GARY | Saturday was Hat Night at U.S. Steel Yard, so it was fitting that the stadium’s newest contracted inhabitant has worn many hats in the past month.
Right-handed relief pitcher Kyle Lindquist, signed by the RailCats Saturday after being released by the team Monday, was late to spring camp because he was contractually obligated to another baseball job -- assistant groundskeeper at his alma mater, Marietta (Ohio) College.
“I was cutting the grass, working the field, watering, using clay, edging -- you name it,” Lindquist said. “I only got to draw the lines twice. It’s not as easy as it looks.”
He pitched two scoreless, hitless innings with one walk, covering the sixth and seventh innings for the RailCats on Saturday night against Lincoln.
The Columbus, Ohio, native spent the last few months working 9 a.m. to 7 p.m. in a combined role as the No. 2 man on a two-man grounds crew and an unpaid volunteer assistant coach at Marietta, where he was the closer for the 2011 and 2012 Division III national champions.
Two hours before Saturday’s game, his first regular-season tilt with the RailCats, who received Lindquist in an offseason trade with Frontier League member Rockford, the pitcher learned the team he was helping coach until recently had been eliminated in the championship of the NCAA Division III Mideast Regional.
A holder of a degree in marketing, Lindquist had been in the region since his release. He appeared in just one exhibition game and pitched one simulated game for RailCats talent evaluators since his late arrival from Ohio.
“They said if I hung out they were going to try to see what they could do with me,” Lindquist said. “And if it came, great; if it didn’t, then I was going to try to find something else.
"This is a good team and a good league, especially coming from the Division III ranks.”
Lindquist’s signing came following the release of Takahiro Matsuka, a Japanese export who allowed three runs and hit three batters in his debut Friday night.
“(Lindquist) is the consummate pitcher that you see coming out of the collegiate level. … He’s a gutty little competitor,” RailCats manager Greg Tagert said.
“Marietta College, I have a lot of respect for their program because I had a lot of their players at my first job as a manager.”
Gary already has two options for closing games, and Lindquist does not throw more than 90 mph.
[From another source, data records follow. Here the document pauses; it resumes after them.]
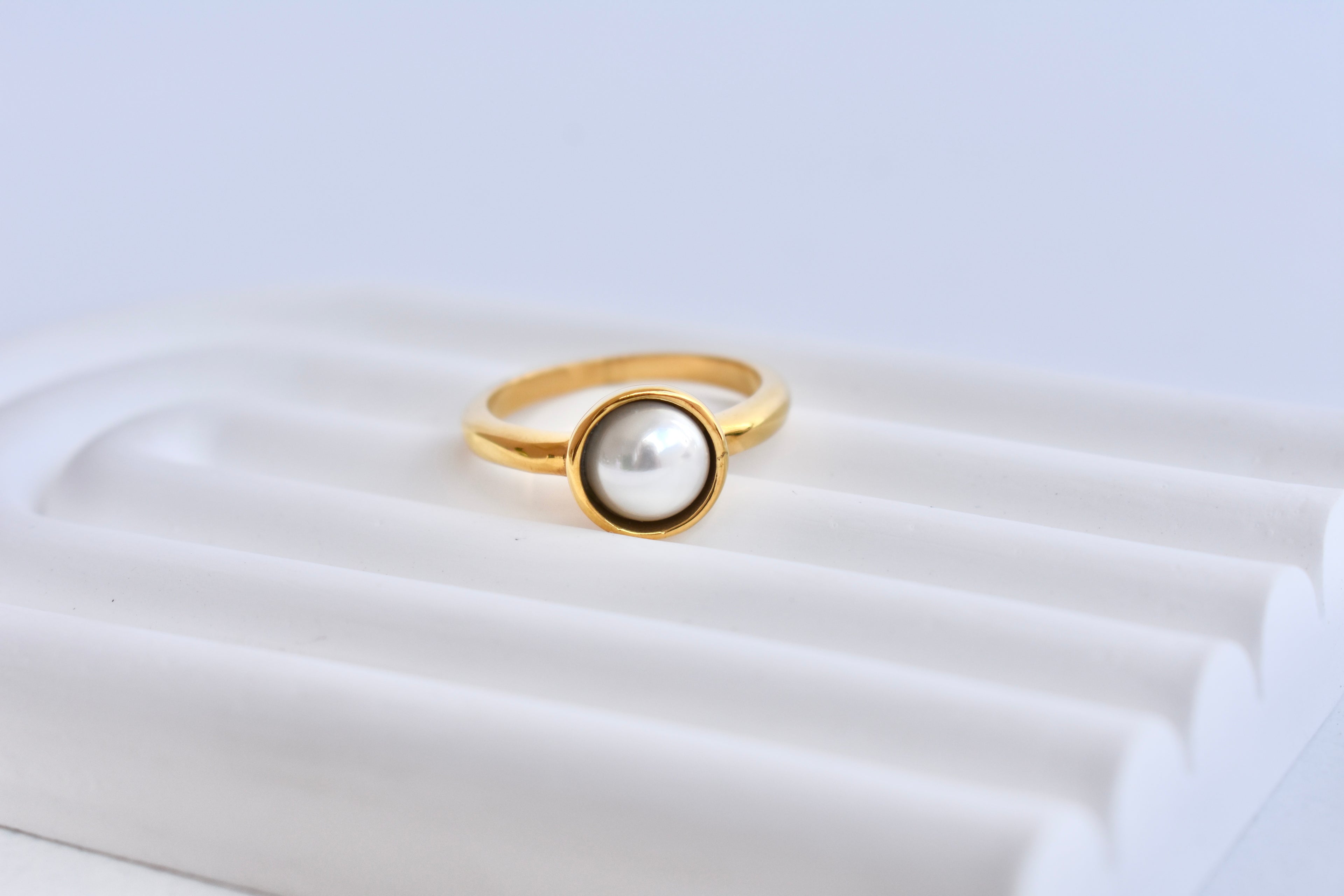 Anillo con Perla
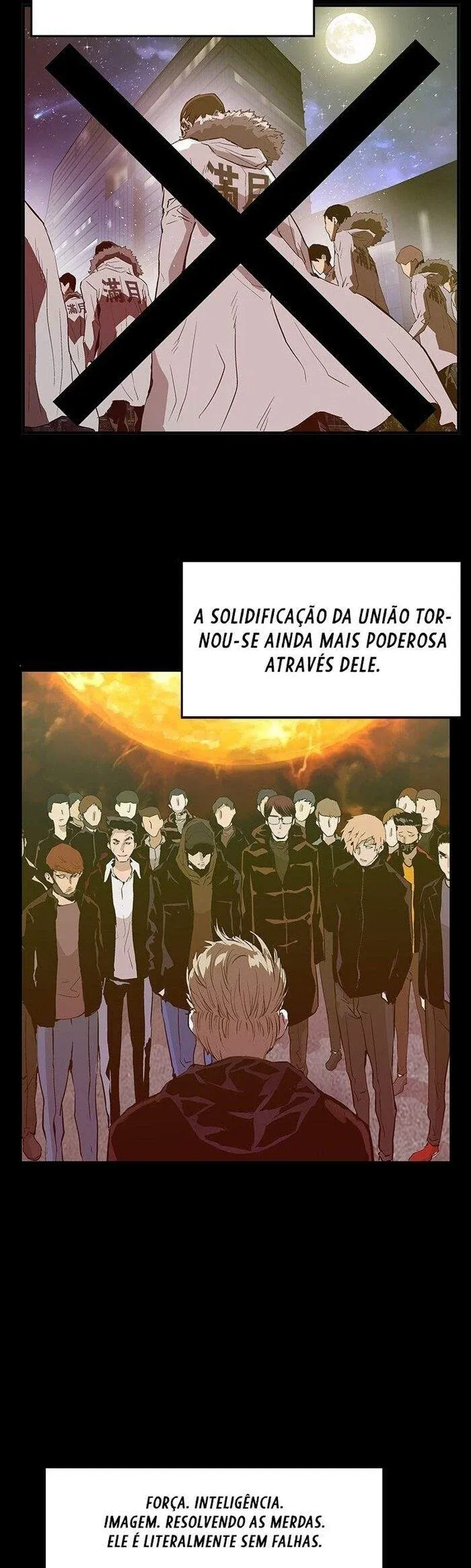 Classe dos Heróis Fracos Capítulo 39 Página 43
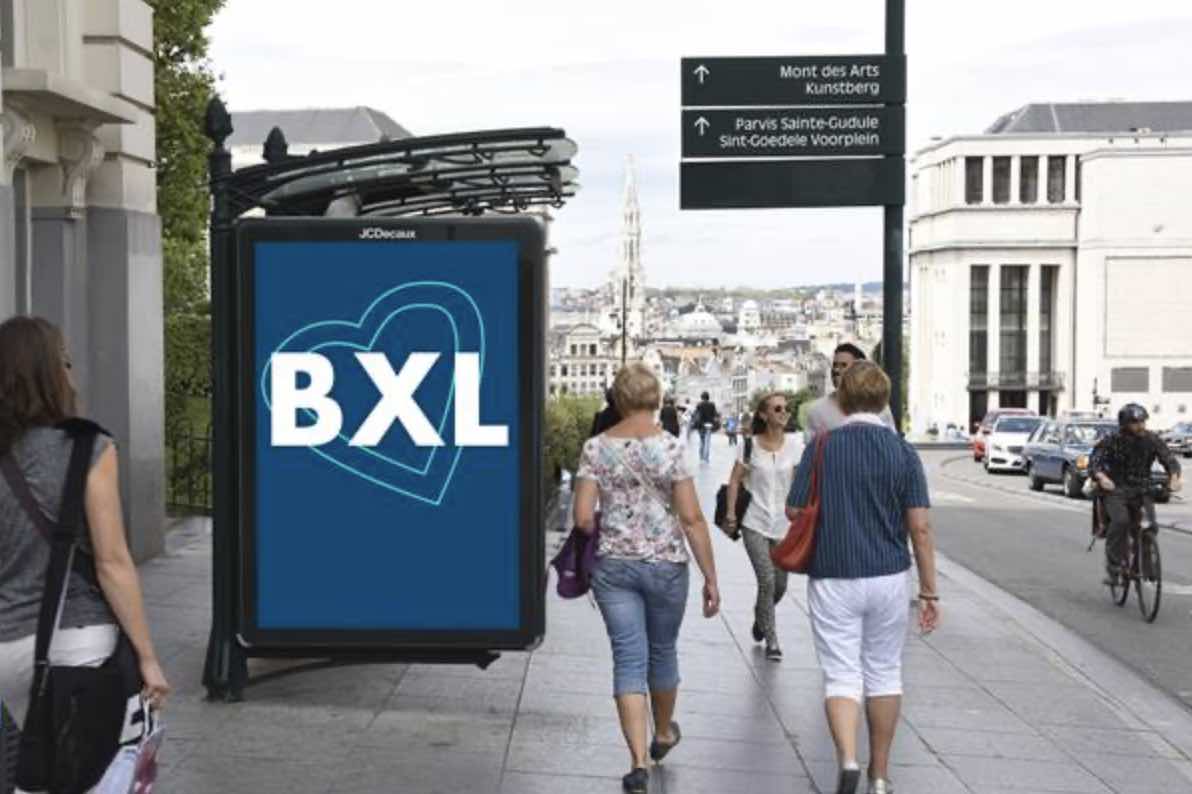 JCDecaux incontournable &agrave; Bruxelles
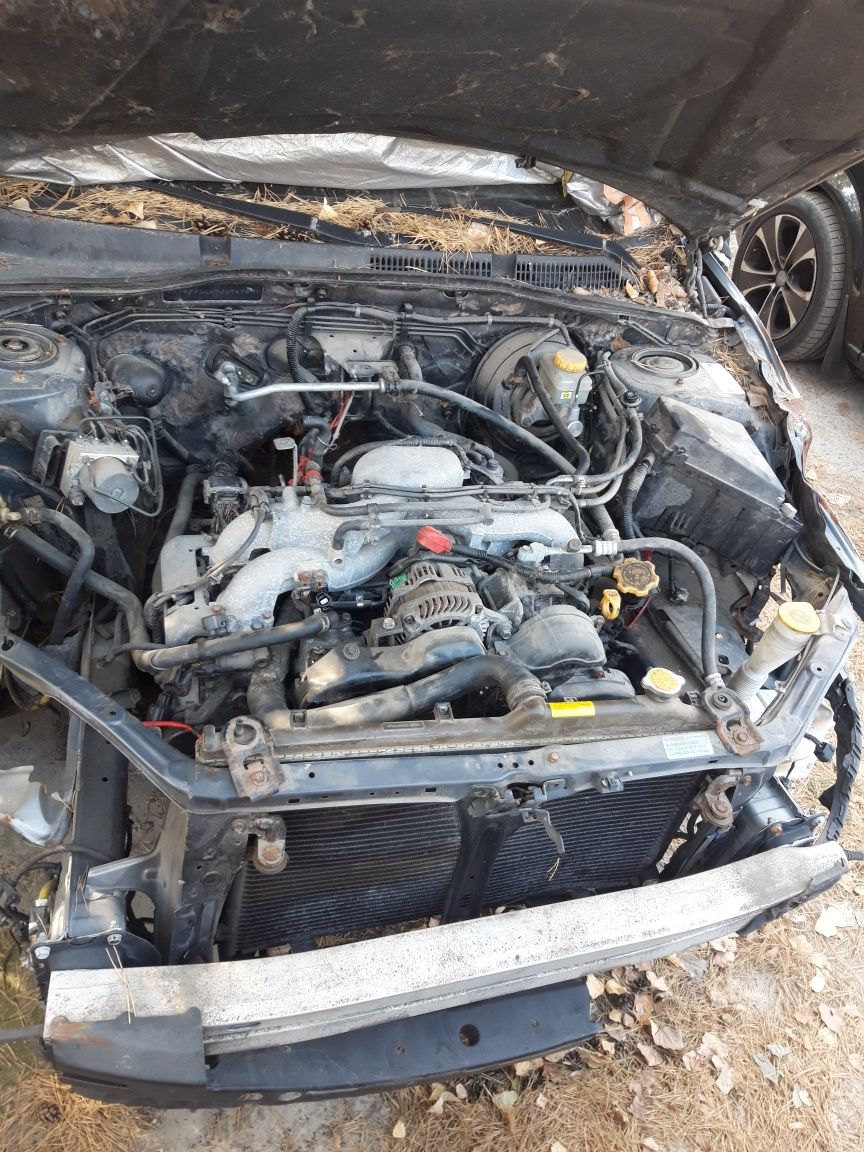 Двигатель subaru outback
The scouting report is that he’s a fiery game-ready pitcher who should fill a middle relief need exacerbated by the use of a four-man starting rotation.
“I’m not going to throw 90-95 at all, but I’ll just go out there and try to beat the batter any time I can as much as I can,” Lindquist said.
A self-described lifelong jock, Lindquist played baseball and basketball in high school and was primarily a middle infielder until his sophomore year of college when he took over as the Etta Express’s closer.
His grandfather Ray Lindquist played in the minor leagues for affiliates of the St. Louis Browns and New York Yankees. His dad played baseball for Tufts University, and his mom played tennis at Ohio State.
“I’m just a competitive person by nature,” Lindquist said. “It doesn’t matter if I’m playing chess or checkers. I’m going to do absolutely everything I can to win.
"And that translates over to baseball.”